As outlined by Alan Boyle for Geek Wire, Microsoft is at work on a multi-faceted approach to “reprogramming” the human body like one can debug a computer, only this time the reprogramming is aimed at helping the body attack its own cancer cells. (Stop right there…you’re envisioning that Will Smith zombie movie. Stop it.) They are also working on machine learning to “teach” computers to recognize even the most minute changes in patients’ scans, searching for signs of tumor growth.

But a far more tech-based approach–and arguably one that actually is in Microsoft’s repertoire–is its cloud-based data project that will ideally help doctors around the world find a cancer patient whose profile is nearly identical to one of their patients, then see what worked and didn’t work. Throughout the history of cancer, a lot of the treatment protocols have had to rely on trial and error, and the plan of poisoning the patient’s cancer cells without killing the patient. If this cloud-based opportunity lets doctors see the successes and failures in a database of countless patients, time and harm can be spared.

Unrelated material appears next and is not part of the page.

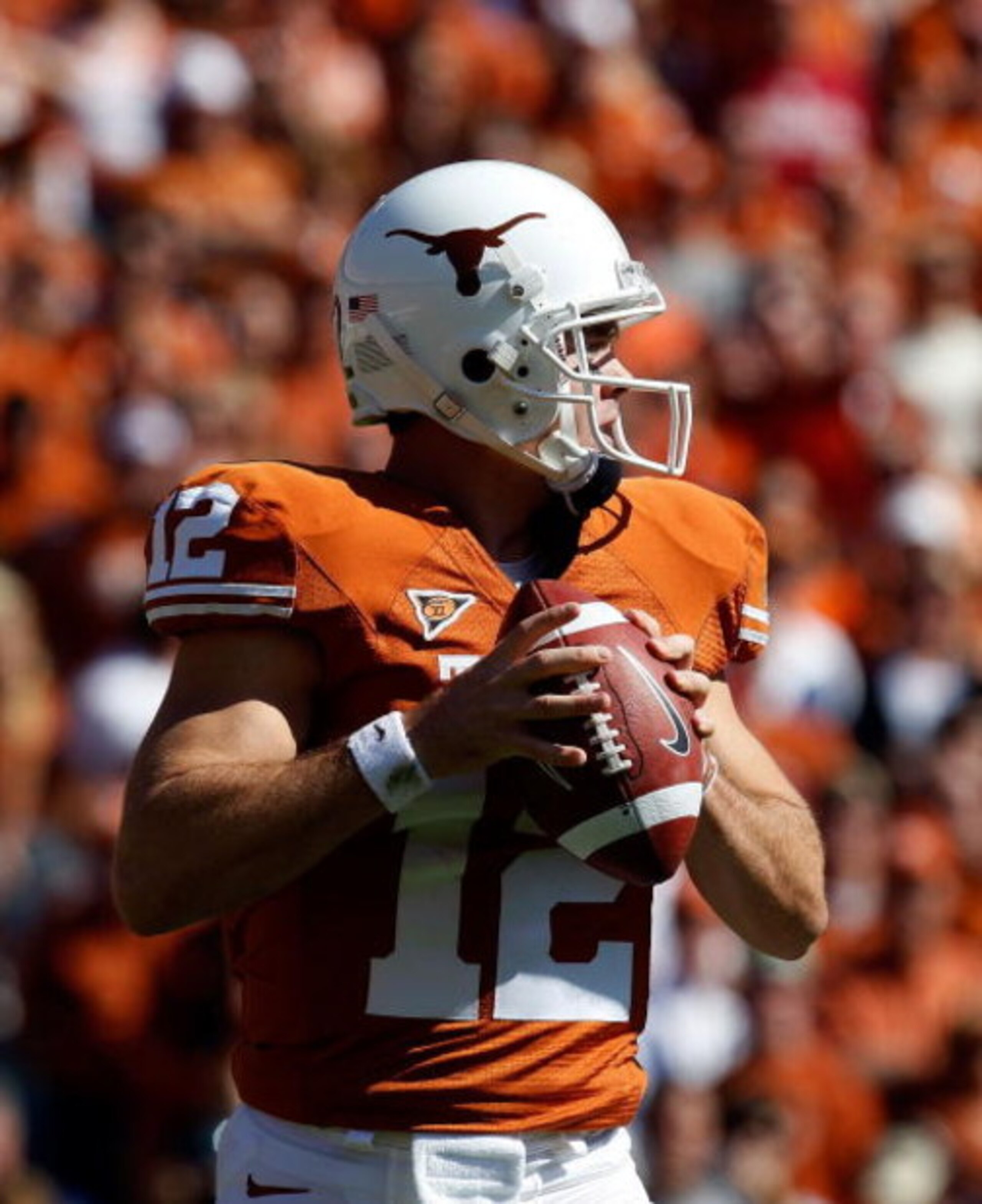 DALLAS - OCTOBER 17: Quarterback Colt McCoy #12 of the Texas Longhorns at Cotton Bowl on October 17, 2009 in Dallas, Texas. (Photo by Ronald Martinez/Getty Images) DALLAS - OCTOBER 17: Quarterback Colt McCoy #12 of the Texas Longhorns at Cotton Bowl on October 17, 2009 in Dallas, Texas. (Photo by Ronald Martinez/Getty Images)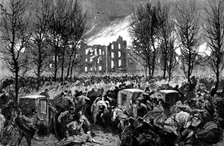 Burning of the Lunatic Asylum at Montreal, Canada, 1890. Creator: Unknown.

This is yet another real-world application of the philosophy behind open source software. You developed a program, I know how to make it better, let’s join forces then see who else has an idea to make it better. Microsoft is essentially telling the medical industry, “We have the knowledge, testing labs, equipment, and budget to take a chance on this…tell us what to do with it.” It’s collaboration for the greater good at its finest.